Avoiding Big Headaches with Big Infrastructure

Aug 19, 2014

By Tim McIntire

The overwhelming movement to cloud computing and big data is creating compelling efficiencies for businesses. However, this growing revolution is also introducing previously unseen levels of complexity for IT managers.

Open source software and commodity x86 hardware has started to level the playing field for businesses of all sizes. By adopting open source systems, companies are no longer locked into proprietary solutions from big vendors. Smart IT leaders can now design and deploy their own custom systems with open source software and less costly commodity hardware.

However, while the economics are overpowering, this transition is problematic because it requires configuring an order of magnitude more settings and parameters in software. This is needed to manage what was previously contained in proprietary hardware/software packages for traditional servers, storage and networking products.

In addition, clustered compute and storage functions introduce an additional layer of management complexity. These clusters offer exponentially greater flexibility, allowing users to dynamically configure computing power and storage capacity to fit rapidly evolving workloads. Their benefits, however, can be overshadowed by the difficulty of managing them.

In order to solve the problem of big data and cloud architectures that don’t fit into traditional IT frameworks, we need entirely new technologies to unlock these potential rewards.

The Emergence of Hadoop and OpenStack

Apache Hadoop is one such architecture most commonly associated with big data. Hadoop is an open source software framework that allows for the distributed processing of large data sets across clusters of commodity hardware. Hadoop does not, however, cover the management of bare metal, OS, disk, and network infrastructure below it.

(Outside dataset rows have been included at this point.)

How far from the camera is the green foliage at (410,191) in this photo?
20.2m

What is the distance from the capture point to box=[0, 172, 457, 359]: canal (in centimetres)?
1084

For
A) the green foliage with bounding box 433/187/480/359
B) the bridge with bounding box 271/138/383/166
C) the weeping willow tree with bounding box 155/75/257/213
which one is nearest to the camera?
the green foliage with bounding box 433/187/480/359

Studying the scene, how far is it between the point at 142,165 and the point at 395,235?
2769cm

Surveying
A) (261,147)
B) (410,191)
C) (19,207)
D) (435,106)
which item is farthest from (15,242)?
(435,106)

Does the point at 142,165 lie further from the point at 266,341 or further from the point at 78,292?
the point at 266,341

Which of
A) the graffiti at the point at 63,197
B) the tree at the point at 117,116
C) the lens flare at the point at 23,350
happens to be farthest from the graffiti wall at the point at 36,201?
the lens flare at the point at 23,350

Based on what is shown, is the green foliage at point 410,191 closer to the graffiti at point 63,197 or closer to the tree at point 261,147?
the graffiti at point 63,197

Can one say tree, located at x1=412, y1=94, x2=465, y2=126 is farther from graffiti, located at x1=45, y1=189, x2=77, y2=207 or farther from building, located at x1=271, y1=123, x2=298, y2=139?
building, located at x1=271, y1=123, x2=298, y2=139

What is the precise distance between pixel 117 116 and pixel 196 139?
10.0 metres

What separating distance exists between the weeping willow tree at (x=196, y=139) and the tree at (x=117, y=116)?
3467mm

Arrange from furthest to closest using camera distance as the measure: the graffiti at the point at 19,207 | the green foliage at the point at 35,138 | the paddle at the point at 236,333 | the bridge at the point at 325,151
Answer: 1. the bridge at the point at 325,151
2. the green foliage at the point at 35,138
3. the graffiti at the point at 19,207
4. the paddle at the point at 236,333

Another example, is the OpenStack project, which encompasses new technology approaches for cloud implementations and shares the cluster infrastructure management problem presented by Hadoop. The stated mission of OpenStack is to produce a ubiquitous open source cloud computing platform that meets the needs of private clouds regardless of size.

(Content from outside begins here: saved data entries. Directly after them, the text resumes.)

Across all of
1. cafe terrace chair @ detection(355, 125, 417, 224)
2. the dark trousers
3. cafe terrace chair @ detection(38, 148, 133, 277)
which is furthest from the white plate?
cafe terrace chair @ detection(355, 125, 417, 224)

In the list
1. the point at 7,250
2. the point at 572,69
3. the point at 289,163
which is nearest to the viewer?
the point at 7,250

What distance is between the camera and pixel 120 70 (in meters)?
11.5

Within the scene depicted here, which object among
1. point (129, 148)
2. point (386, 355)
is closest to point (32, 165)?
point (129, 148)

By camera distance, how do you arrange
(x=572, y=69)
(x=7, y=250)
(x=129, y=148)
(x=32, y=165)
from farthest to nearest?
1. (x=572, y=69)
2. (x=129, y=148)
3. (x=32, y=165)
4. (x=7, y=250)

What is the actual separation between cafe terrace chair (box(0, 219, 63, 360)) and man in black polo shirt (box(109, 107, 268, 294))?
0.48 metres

The OpenStack project includes modules for computing, networking, and storage. With OpenStack, most functions of a typical data center are disaggregated from expensive proprietary hardware and incorporated into software. OpenStack allows data centers to manage all of the services for computing, networking and storage through the software abstraction of hardwired functions, enabling scale-out cloud infrastructure at a fraction of the cost of proprietary solutions.

These open source projects provide much greater flexibility for IT managers to quickly modify business processes and introduce new applications. The lower cost and scale-out architecture of Hadoop is a major benefit. Legacy technologies can process very large data sets, but not nearly fast enough and at a much higher cost. For instance, in the case of fraud detection for a financial services company, it’s critical to analyze intrusions on the spot and then immediately take action.

The Drive to Automate Infrastructure Tasks

Making the transition from legacy IT infrastructure to a software-defined methodology is becoming a central initiative for every business today. The economic incentives of moving to an open cloud model are just too great to ignore.

Companies can save 70-80% on their infrastructure budgets by swapping out their expensive, purpose-built server, storage and network systems for cheaper x86 components and adopting virtualization abstracted by an open cloud API.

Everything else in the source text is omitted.